Sir John Johnson began his raid down Schoharie Creek. His army of close to 900 Loyalists, Indians and British Regulars had camped the night of the 16th where Kennanagara Creek flowed into the Schoharie Kill (Creek).
Johnson’s main force started out from Carleton Island and sailed across Lake Ontario to Oswego. From there, they used bateaux down the Oswego River to Onondaga Lake. They stored their boats and supplies by the lake and marched southeast to reach Schoharie Kill on October 16th.
Johnson bypassed the Upper Fort, just north of Bouck Farms Island, and marched up the east shore of the Schoharie Kill. They burned houses, barns, and crops as they went. When they reached the Middle Fort (Fort Defyance) just north of Middleburgh, NY Johnson attempted to gain the surrender of the fort’s defenders. The fort did not surrender and they continued their destructive march north. After firing several cannon shots into it, Johnson bypassed the Lower Fort, just north of the village of Schoharie, and camped the night of the 17th where Fly Creek empties into the Schoharie.

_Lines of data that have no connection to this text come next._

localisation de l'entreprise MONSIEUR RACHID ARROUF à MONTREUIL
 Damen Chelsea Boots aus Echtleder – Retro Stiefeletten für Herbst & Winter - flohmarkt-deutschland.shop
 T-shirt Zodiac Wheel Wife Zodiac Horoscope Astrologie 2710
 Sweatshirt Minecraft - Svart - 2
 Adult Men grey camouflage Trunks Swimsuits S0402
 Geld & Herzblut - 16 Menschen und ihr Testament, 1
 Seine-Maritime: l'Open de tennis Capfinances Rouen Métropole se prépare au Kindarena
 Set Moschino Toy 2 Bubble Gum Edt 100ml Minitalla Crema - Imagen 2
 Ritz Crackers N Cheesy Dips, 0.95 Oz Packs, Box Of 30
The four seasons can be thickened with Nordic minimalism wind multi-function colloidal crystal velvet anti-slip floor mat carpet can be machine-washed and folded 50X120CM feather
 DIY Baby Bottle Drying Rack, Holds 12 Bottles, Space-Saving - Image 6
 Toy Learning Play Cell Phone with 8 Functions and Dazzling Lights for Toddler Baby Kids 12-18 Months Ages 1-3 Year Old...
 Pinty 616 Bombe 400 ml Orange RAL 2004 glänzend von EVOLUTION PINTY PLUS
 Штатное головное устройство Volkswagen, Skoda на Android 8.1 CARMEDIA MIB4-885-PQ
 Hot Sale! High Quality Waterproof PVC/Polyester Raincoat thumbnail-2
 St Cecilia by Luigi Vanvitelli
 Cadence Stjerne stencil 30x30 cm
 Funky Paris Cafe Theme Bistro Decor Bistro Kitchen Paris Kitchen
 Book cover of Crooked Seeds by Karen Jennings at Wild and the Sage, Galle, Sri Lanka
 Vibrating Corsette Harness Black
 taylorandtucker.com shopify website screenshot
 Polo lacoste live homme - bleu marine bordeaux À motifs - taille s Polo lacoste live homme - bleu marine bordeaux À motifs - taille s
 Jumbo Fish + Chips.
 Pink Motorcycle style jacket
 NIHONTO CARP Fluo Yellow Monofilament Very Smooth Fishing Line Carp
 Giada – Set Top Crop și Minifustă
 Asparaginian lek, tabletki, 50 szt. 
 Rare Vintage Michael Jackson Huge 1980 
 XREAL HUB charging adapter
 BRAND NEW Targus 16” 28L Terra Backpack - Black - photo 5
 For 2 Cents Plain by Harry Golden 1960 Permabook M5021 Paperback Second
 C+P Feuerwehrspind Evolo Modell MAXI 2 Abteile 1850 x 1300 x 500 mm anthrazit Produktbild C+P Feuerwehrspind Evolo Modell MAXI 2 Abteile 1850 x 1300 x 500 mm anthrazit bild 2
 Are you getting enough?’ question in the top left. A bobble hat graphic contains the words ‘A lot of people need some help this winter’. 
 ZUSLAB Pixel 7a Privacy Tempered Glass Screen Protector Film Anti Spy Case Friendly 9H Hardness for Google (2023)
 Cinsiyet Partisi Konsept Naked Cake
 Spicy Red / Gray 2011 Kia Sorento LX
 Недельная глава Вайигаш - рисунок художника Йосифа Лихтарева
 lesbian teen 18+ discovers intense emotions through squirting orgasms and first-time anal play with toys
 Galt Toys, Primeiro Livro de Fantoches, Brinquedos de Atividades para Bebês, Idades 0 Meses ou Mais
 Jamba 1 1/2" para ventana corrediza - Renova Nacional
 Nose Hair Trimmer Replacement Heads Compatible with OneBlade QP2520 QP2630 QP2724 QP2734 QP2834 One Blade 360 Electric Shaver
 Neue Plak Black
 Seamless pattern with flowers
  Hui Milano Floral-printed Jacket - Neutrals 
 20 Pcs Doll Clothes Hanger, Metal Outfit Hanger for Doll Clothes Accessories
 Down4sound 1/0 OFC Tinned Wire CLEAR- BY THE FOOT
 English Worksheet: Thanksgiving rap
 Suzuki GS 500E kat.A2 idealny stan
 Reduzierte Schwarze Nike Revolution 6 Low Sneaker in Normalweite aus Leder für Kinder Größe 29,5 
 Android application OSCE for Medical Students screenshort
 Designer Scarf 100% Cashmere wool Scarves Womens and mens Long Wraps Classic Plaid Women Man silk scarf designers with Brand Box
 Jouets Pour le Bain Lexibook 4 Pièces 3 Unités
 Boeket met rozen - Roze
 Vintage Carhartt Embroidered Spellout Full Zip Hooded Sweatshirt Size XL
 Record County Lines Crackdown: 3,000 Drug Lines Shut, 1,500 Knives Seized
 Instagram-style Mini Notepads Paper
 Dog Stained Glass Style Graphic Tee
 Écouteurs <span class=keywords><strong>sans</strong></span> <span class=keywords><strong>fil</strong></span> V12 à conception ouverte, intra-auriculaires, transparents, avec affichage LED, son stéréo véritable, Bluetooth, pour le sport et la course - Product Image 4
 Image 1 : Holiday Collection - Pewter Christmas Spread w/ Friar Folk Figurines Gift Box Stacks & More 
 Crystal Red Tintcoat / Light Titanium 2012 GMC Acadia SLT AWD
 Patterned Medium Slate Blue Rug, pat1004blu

On October 18th, Johnson ordered Joseph Brant and a small party to burn the settlement around Fort Hunter while the main force continued up the west side of the Schoharie to the confluence with the Mohawk River. Arriving at the Mohawk River, Sir John split his force and marched west on both sides of the Mohawk, looting and burning as they went.
Following the Battles of Stone Arabia and Klock’s Field, Sir John and his force returned by several routes to Onondaga Lake and arrived back in Oswego on October 26th. In his report to Sir Frederick Haldimand, Sir John claimed to have destroyed six hundred thousand bushels of grain. Governor George Clinton put the destruction at one hundred fifty thousand bushels and 200 dwellings burned. So devastating was the raid, that Clinton stated Schenectady should now be considered the western frontier of New York State.
Sources: Public Papers of George Clinton.
Barbara Graymont, The Iroquois in the American Revolution.
Isabel Kelsay, Joseph Brant: Man of Two Worlds.
Gavin K. Watt, The Burning of the Valleys.